The ironic thing is that I really feel quite ahead of the game in this whole thing b/c I know SO many people who don't have a clue of who they really are and why they do what they do. They just live, spew out a bunch a crap and either expect people to deal with it b/c "that's just them" or they have a whole novel full of excuses that they pull out time and time again. It's to those that I say...go have a seat and figure out.

With some of my "issues" I'd say I'm almost there with overcoming them. For instance, my faces. Now I'd say 55% of the time I have this expression that, to others, appears to be "attitude/annoyance" when in all actuality I'm either chillin' or thinking.
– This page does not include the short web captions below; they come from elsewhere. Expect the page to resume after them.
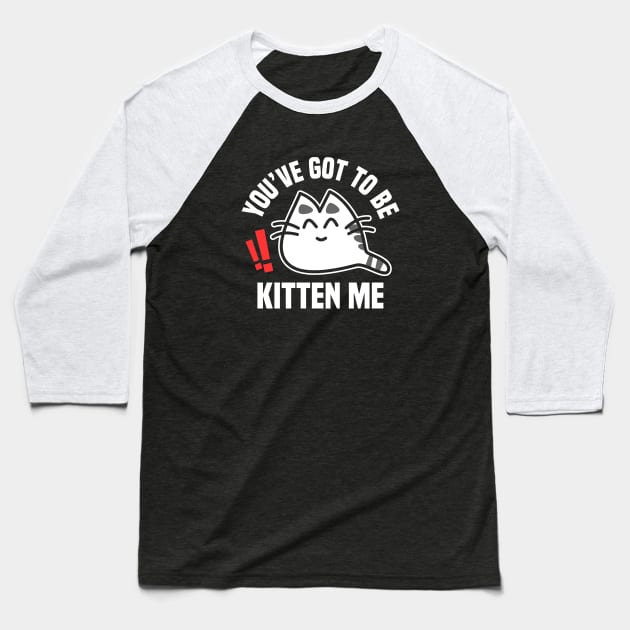 You’ve Got To Be Kitten Me Funny Cat Design Baseball T-Shirt by teesbyfifi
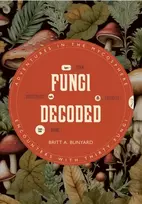KNYGA Bunyard, Britt A. Fungi Decoded: Encounters with Thirty Fungi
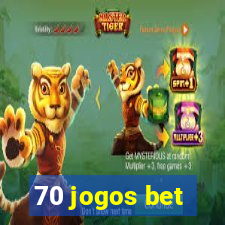 70 jogos bet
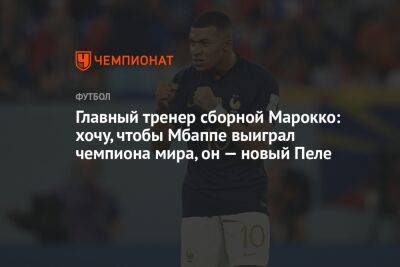 Главный тренер сборной Марокко: хочу, чтобы Мбаппе выиграл чемпиона мира, он — новый Пеле - championat.com - Франция - Аргентина - Марокко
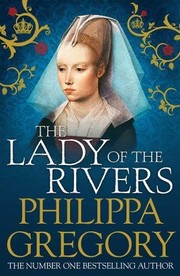Front cover of The Lady of the Rivers by Philippa Gregory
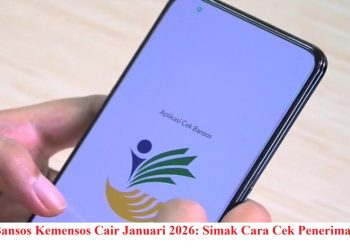 Bansos Kemensos Cair Januari 2026: Simak Cara Cek Penerima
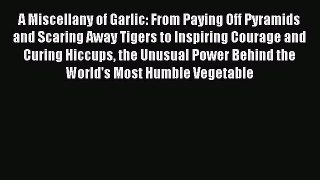 Read A Miscellany of Garlic: From Paying Off Pyramids and Scaring Away Tigers to Inspiring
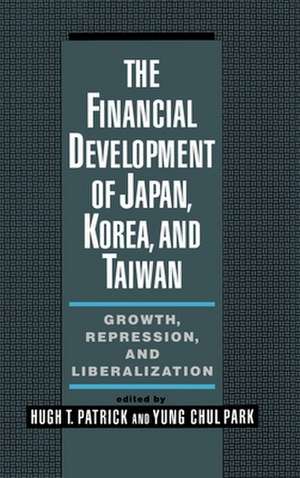 The Financial Development of Japan, Korea, and Taiwan: Growth, Repression, and Liberalization de Hugh T. Patrick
I get it honest, to the point where it was never even addressed b/c if you glance at my mom or little brother...you'd get the same thing. So my entire life..I'd get the "why do you look so mean", "I thought you were arrogant..but you're actually cool", "what's wrong with you"..and so on. Now I used to next insert my real annoyed face...and either say nothing or give a huffy "I'm fine." B/c as far as I was concerned everyone else needed to get over it and let me do me. As I've continued traveling down my road..I've learned to handle others w/ a bit more consideration a) because they don't know me b) It's not there responsibility to except whatever I give just b/c I decide to not try and change it. So, I've moved past acknowledgement and to the point where I will address it. If someone asks about it I try(as best as I can) to smile, and even in "new" settings try and think about what my expressions are.

I have a few others that I don't feel like typing about that are issues in regards to myself. I'd say in the past 2 years since I've gotten back in to really dating I've learned ALOT about myself when it comes to dating. I actually learned that I'm a nut just like all the rest of the chicks. ISN'T THAT CRAZY?!? Who knew? I swore I was SO together...

And I'm not saying I'm a slash-your-tires-call-all-the-numbers-in-your-phone-and-say-we're-married-get-you-fired-from-your-job nut. But a nut, yet in still. I've learned that things that are so basic for others are like SO crucial for me. I think everyone is liked this, it's just that many haven't figured out what those things are. For instance, and I've mentioned this before, but I SUCK at communicating. Like, I wish I could talk to someone that could tell me why I'm like this. I'll talk to friends who'll be like "just come out with it, go talk to him..what's the big deal" and I can fully tell that it's not an "easier said than done situation" b/c I know them enough to know that it's just who they are. For me, talking about anything having to do with feelings is like pulling teeth. I have to go through these self-motivating internal cheering rants[Go Fan-Dreamy, just do it...okay in 30 seconds, just GO!!!]...looney! HAA..I have to chuckle at how ridiculous I am. I write email instead of talking, I'll write letters and never send them...complete maniac. But it's been acknowledged and I work on it...in my own way. Be proud of my progress b/c I was once much worse.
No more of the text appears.